Guerras Greco-Pérsicas. Dois adolescentes estudando História, “no dia seguinte começamos a lutar com os gregos”. Descobrindo ao mesmo tempo a Grécia e o corpo. “Um país montanhoso, a Grécia, precioso o seu litoral cheio de enseadas, cabos, ilhas. (…) Ainda na primeira semana descobri que Claudia usava sutiã (…). Uma surpresa atrás da outra, pois descobri também, no susto, como Claudia era bonita”. Dois numa guerra Greco-Pérsica deliciosa!

Majestic Hotel é a lembrança de um garoto que ganhou um soldadinho de chumbo em uma viagem a Porto Alegre. Lembrança pesada, perigosa, ardilosa. Certa disputa da mãe com um “como um general”: “Deitado, esperava, e ouvia vozes no corredor e portas que batiam (…). E tinha medo, fome, (…) e ela não voltava. (…). ‘Volta, mamãe’”.

Não Chore, Papai. Aventura de um garoto, sua vontade de mundo, sua bicicleta. Castigo. “Quem, em menino, desafeito ao pó de sua cidade, sonhou com os jardins da Babilônia (…), não acha em seu coração lugar para o rancor”.

 

Terceira Parte

 

O mundo subterrâneo, além das classes sociais, urbano. Pobres, miseráveis, à margem da cidade, solitários, suas vidas sem perspectivas, luta pela sobrevivência, e o sexo fazendo às vezes de sopro de vida. E vão se encontrando no Café Paris; tem uma dama no Bar Nevada; na garoa, um aceno; e tem um tempo do Trio Los Panchos; num verdadeiro conto de inverno.

Mas há beleza nisso. O facho de luz de Faraco os ilumina inteiros. São vidas trançadas pela dor, mas se procuram, se ajudam; ajuda entre iguais. Insistem, insistindo na sobrevida. Não arredam pé, mesmo que a vida quase nada lhes ofereçam; mesmo que o mundo lhes neguem quase tudo. E lutam: “O tempo a maltratara, mas ela não se entregava e era bonita, era muito bonita assim, lutando (…)”. Vão se aconchegando, se acalentando. Corpos borrados pelo tédio. Não é amor. Mas, “sempre, mas sempre mesmo, seria uma vitória”.

Como dois solitários sofridos que se encontram num vagão de trem.

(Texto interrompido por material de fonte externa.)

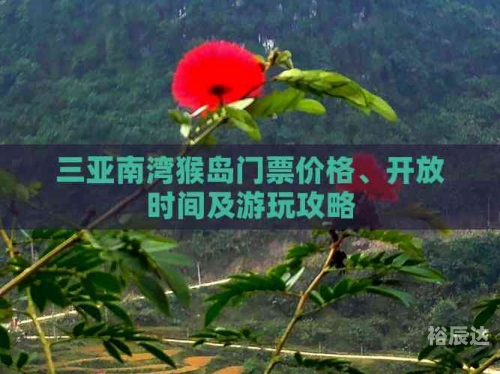 猴岛身份证，探索神秘猴岛的独特身份证明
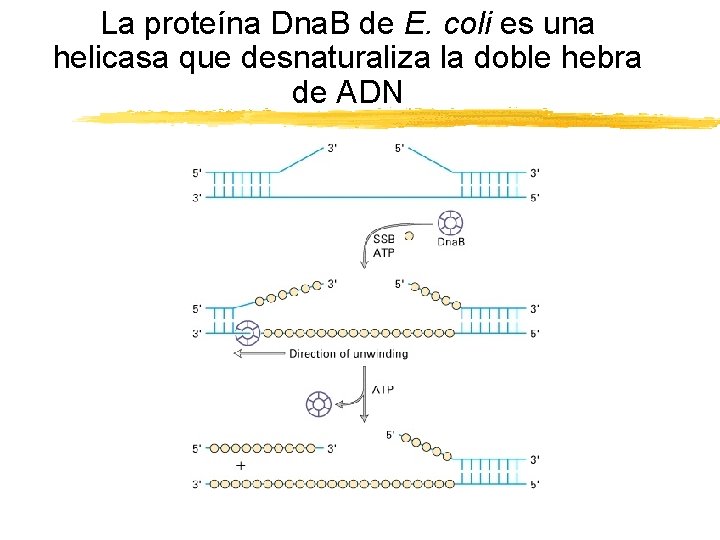 La proteína Dna. B de E. coli es una helicasa que desnaturaliza la doble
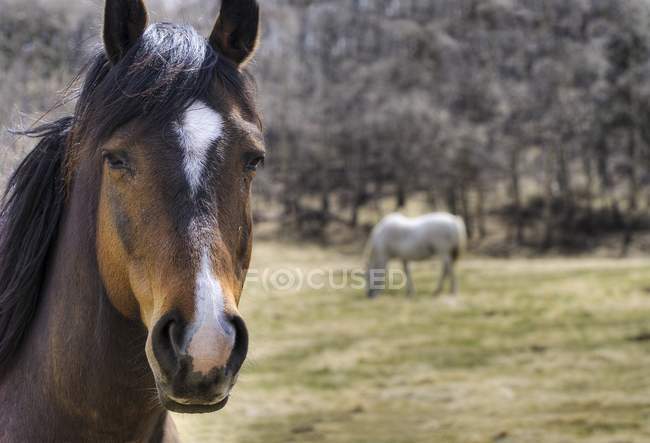 Porträt eines Pferdes im Freien — Stockfoto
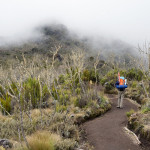 Kilimanjaro Mountain Climbing 4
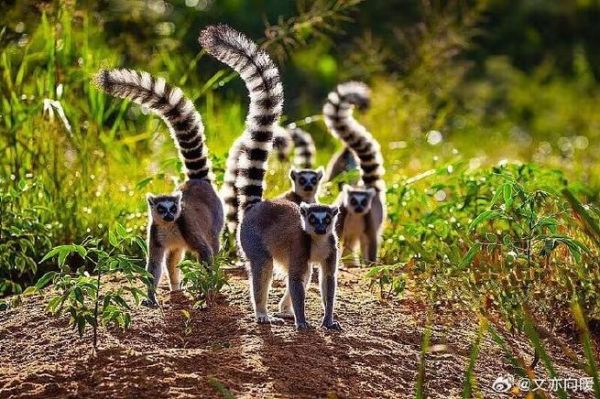 狐猴属什么生肖属相（狐猴属什么生肖？超萌科普来了）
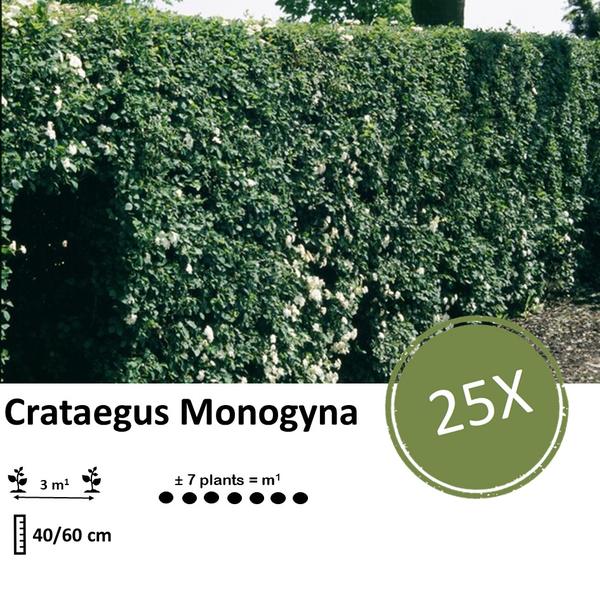 Crataegus Monogyna - Eenstijlige Meidoorn - Blote wortel - ↕40-160cm - 25x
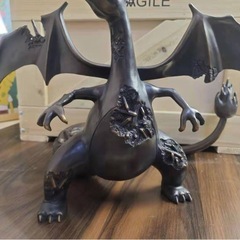 ダニエル・アーシャム ポケモン：ヒトカゲの画像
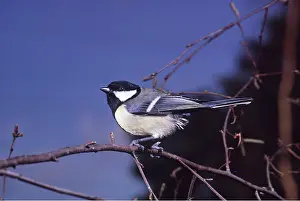 Tits: GREAT TIT - on branch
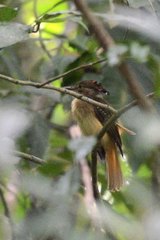 Onychorhynchus coronatus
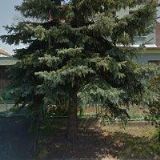 VETERINÁRNÍ KLINIKA JIRKOV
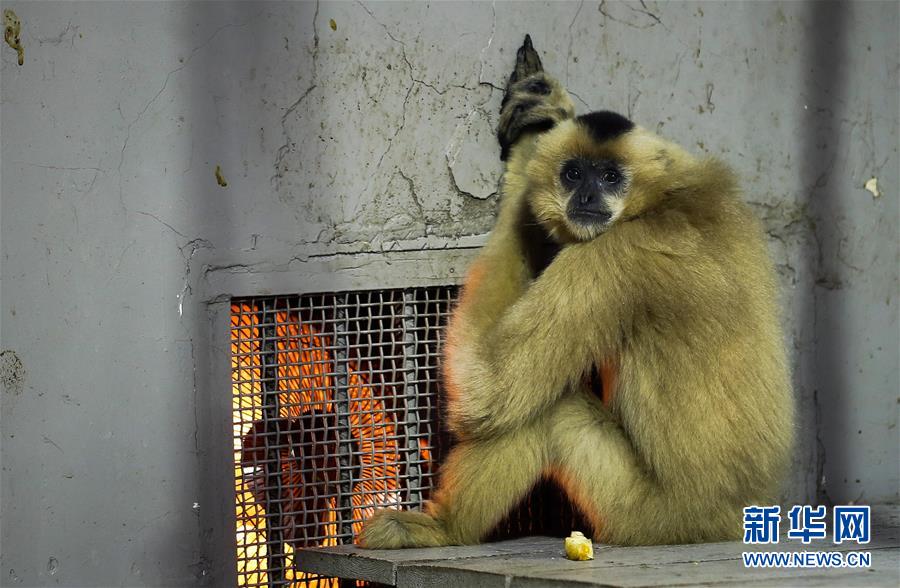 (���(b��o))(1)�������u �ɶ�����@С����ȡů�^��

O texto é ligeiro, forte, intenso, delicioso, como num ato sexual. Encontram-se e se reconhecem e se compreendem. “E não podia conceber o dia seguinte sem aquela mulher que, com suas maluquices, dera um sopro de vida aos meus dias sem sabor de velho precoce”. E a gente torcendo para que dancem um tango em Porto Alegre.

Este livro, “– Fica com a senhora, como um recuerdo meu”.